*TASK PROMPT*.
Run through the records and, wherever a line holds the word "Blue", return that line.

*INPUT DATA*.
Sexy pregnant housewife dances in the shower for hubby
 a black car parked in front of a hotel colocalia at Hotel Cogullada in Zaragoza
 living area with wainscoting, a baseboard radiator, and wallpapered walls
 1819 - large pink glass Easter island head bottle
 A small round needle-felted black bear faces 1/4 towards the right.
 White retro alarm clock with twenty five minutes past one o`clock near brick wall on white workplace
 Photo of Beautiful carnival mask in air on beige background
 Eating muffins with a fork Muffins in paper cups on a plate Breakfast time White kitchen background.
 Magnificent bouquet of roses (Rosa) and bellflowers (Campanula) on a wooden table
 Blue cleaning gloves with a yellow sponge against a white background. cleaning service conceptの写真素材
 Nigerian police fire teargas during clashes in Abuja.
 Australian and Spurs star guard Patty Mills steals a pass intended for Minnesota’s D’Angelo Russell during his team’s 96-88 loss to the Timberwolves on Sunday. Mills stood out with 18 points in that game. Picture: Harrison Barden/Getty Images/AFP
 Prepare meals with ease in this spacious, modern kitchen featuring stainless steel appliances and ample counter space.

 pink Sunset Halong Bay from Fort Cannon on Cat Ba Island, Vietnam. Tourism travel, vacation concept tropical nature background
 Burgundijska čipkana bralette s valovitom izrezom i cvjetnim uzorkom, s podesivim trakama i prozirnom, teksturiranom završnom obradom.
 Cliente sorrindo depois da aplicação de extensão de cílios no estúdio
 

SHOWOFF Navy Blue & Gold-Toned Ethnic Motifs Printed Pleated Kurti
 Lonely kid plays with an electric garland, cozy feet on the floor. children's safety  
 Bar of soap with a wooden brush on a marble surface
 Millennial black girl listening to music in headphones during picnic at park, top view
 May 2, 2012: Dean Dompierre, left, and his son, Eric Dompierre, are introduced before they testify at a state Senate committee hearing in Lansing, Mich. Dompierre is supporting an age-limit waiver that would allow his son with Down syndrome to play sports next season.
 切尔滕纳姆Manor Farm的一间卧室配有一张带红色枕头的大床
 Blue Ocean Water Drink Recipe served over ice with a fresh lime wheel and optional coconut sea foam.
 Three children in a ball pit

*ANSWER SPACE*.
 Blue cleaning gloves with a yellow sponge against a white background. cleaning service conceptの写真素材
SHOWOFF Navy Blue & Gold-Toned Ethnic Motifs Printed Pleated Kurti
 Blue Ocean Water Drink Recipe served over ice with a fresh lime wheel and optional coconut sea foam.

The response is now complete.